We like to “hygge” – I always hear people mention this word to me, when I travel abroad and I mention I’m from Denmark. It basically just means “relaxing” and being “cosy” with your friends and family.
I love our food, our Danish pastries, our way of celebrating Christmas (we dance around the Christmas tree while we sing Christmas carols!) and I love our royal family – the Danish monarchy is the oldest one in Europe, if I’m not mistaken.
Oh, and if you ever visit Denmark then beware of the bicycles – they rule the streets rather than the cars 😀
Which dish do you feel best represents where you’re specifically from? Share a picture and tell us why you love it!
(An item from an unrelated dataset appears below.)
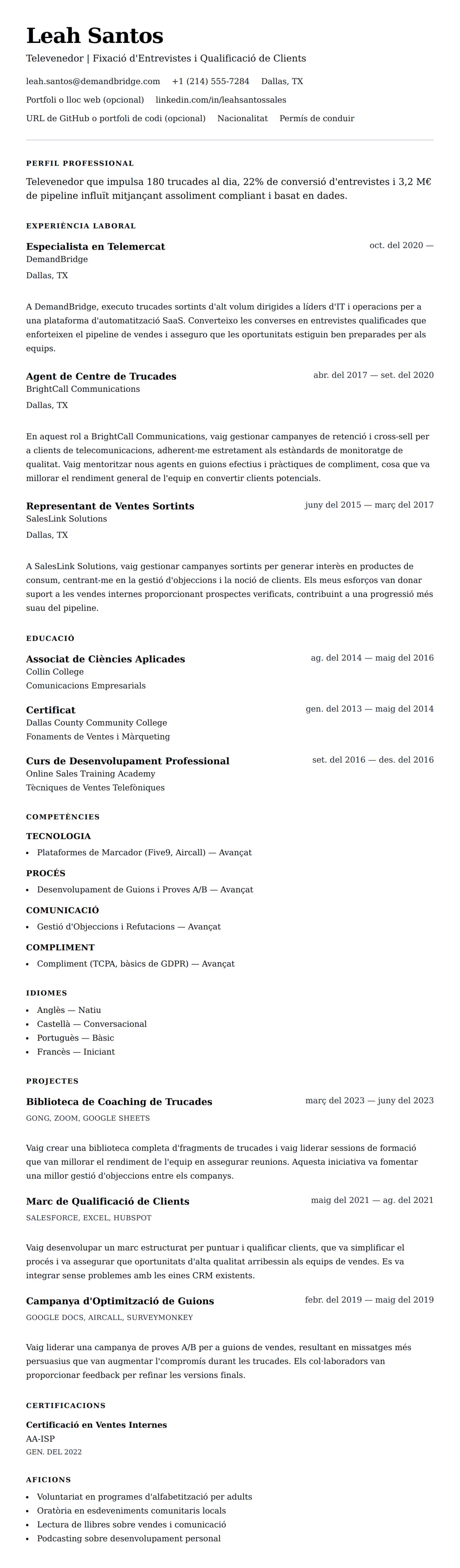 Previsualització del currículum per a Exemple de Currículum de Televenedor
Danish pork meatballs called “frikadeller”! My dad makes the best ones in the world. I don’t know why people are always so excited about Swedish meatballs, because ours are so much better (sorry, Sweden!).
Talk about the role of family in your life. What does family mean to you? Which family values are valuable to you?
I would not be where I am today if it wasn’t for my family. Despite my parents divorcing when I was about 3 years old, I’ve been incredibly lucky to have a family that really cares about each other. Even when I’m on the road I speak to my Mum every day and I send them all postcards from my travel destinations as often as I can.
I don’t believe that you must spend time with people constantly for them to know that you love then. I keep them in my thoughts and in my heart and I call as much as I can. They’re so supportive of what I do and they’re my biggest “cheerleaders”.
How important is spirituality and religion in your daily life? What do you do to celebrate the two?
To be very honest, it is not important to me at all as I’m an atheist. I’ve chosen not to let religion be a part of my life for many reasons. However, I still go to church for Christmas, weddings and christenings.
Languages not only give us the power to communicate, but also can unite us across cultures. What’s something you love about the multitude of languages spoken in your country? Share a favorite saying you have, or teach us something in your native language.
In Denmark we love to make visitors say “Rød grød med fløde.” It basically just means “Red porridge with cream” which is a bit silly. But it’s because we have some extra letters in our alphabet that non-Danish people can’t pronounce properly. So we kind of get a good laugh out of making people say it ☺
What local spot in your city/town do you love most? Why is it personally important to you?
I was born in Copenhagen – the capital of Denmark – but I grew up in a very small town where there was not much to do. However, if you went a little bit out of the town you’d get to a place called Gisselfeld. It’s an enormous park where there is a former monastery. There’s a lake, a fountain, a waterfall and a greenhouse. It’s gorgeous. My mum has brought me there so many times which is why it has become a very important spot for me.
Who is the most inspiring person in your life? In which ways does this person inspire you?
It’s such a cliché but it’s true. My mum. She’s the loveliest woman who has ever walked this Earth – at least in my opinion. She managed to bring up three children on her own while working full time and having Diabetes Type 1 as well as other health issues. We may never have had the newest toys or clothes, but we never went hungry and we always had a roof over our head as well as love and care. How she managed to do it, I don’t know. But she’s an impressive woman who deserves all the best in life.
Have you ever met a stranger during your travels who made an impact on your life in a certain way, or maybe it was you who helped someone else? Share the story!
I have met SO many people during my travels who have changed my life, who have made an impact on me, who have changed my way of seeing things, who have taught me things I never knew about. There are too many examples for me to just mention one. But I encourage everyone to leave their comfort zone and meet new people from all over the world. Yes, I travel to see beautiful places, but it’s the people that I truly remember.